Course Overview

Containers are one of the most powerful tools that have emerged for developing and managing software. When combined with DevOps and Cloud Native practices, it is possible for organizations to efficiently delivery applications and services at high velocity. This training course introduces containers and two of the most popular tools for their management and orchestration: Docker and Kubernetes.

Students will gain a foundation of the Docker and Kubernetes technologies. They will be introduced to the core components of both Docker and Kubernetes as they apply to both development and production/staging environments. Topics covered include: containers, tools for local management, pods, labels, volumes, networking, replication controllers, services, and stateful sets. Students will get hands-on experience with how the technologies can be used to deliver software according to DevOps practices.

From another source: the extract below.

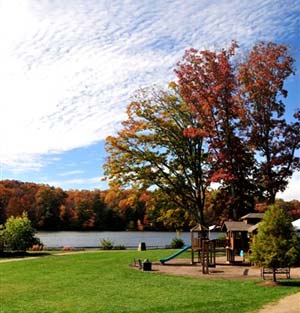 Return to the Biltmore Lake Feature Page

At the end of the course, participants and teams will understand how to build secure, robust, highly available services that are resilient and able to adapt to rigorous application demands.

Key Learning Areas

  • Learn the fundamental uses of container technology and the architectural principles of how to apply containers to technical challenges.
  • Create containers with both packaged solutions and custom software.
  • Use the Docker and Kubernetes CLI environments to deploy solutions in local (Docker) and cluster (Kubernetes) environments.
  • Learn how stateful services – such as databases, streaming solutions such as Kafka, and other specialty applications such as ElasticSearch – can be deployed in highly-available configurations with redundancy and service-discovery/load-balancing.
  • Show how other components – such as Kafka Connect – can be used to integrate services within the Kubernetes platform.
  • Explore how Docker and technologies such as Jenkins can be used to continuously test and build containers based on changes to source code.

Course Outline

Docker and Linux Container Technology: Introduction and Use-Cases

  • Clusters, containers, and clouds: understanding modern infrastructure
  • Container lifecycles and challenges
  • Local versus production: bridging development environments

Docker in Action

  • Docker runtime and architecture
  • Managing containers
  • Creating toolboxes: Docker images
  • Lab: Managing Containers
  • Lab: Building Images
  • Lab: Dockerfiles

Managing Docker State

  • Networks
  • Volumes
  • Lab: Deploying stateful services within the Docker runtime
  • Lab: Custom network management
  • Lab: Volumes and drivers

Kubernetes Core Concepts: Pods, Labels, Controllers, Services, Secrets, Persistent Data Volumes, Claims, Namespaces, Quotas

  • Container orchestration requirements and options

Orchestration Landscape: Kubernetes and Mesos

Kubernetes Architecture

Working with Kubernetes

  • Pods, deployments, and services
  • Lab: Installing Kubernetes
  • Lab: Accessing the Kubernetes API
  • Lab: Kubernetes Workloads
  • Lab: Scheduling and Node Management

Managing Networking

  • Lab: Accessing Applications

Managing Persistent Storage

  • Lab: Using persistent storage

Infrastructure as Code

  • Describing and deploying applications using Helm
  • Lab: Install Helm
  • Lab: Create Helm Charts
  • Lab: Deploying Integrated Applications

Continuous Integration Fundamentals

  • Describe how
  • Linking services using Docker Compose
  • Lab: Building Continuous Integration and Build
  • Pipelines with Jenkins

Who Benefits

Developers, system architects, technical team leads, systems administrators, and DevOps professionals who want to understand and use Kubernetes in cloud environments.


  • Proficiency with the Linux Command Line Interface (CLI)
  • Broad understanding of Linux system administration: Linux file system, networking, and bash scripting.
  • Computer programming concepts and methodologies. Full code examples for the course are provided in the Python and Java programming languages.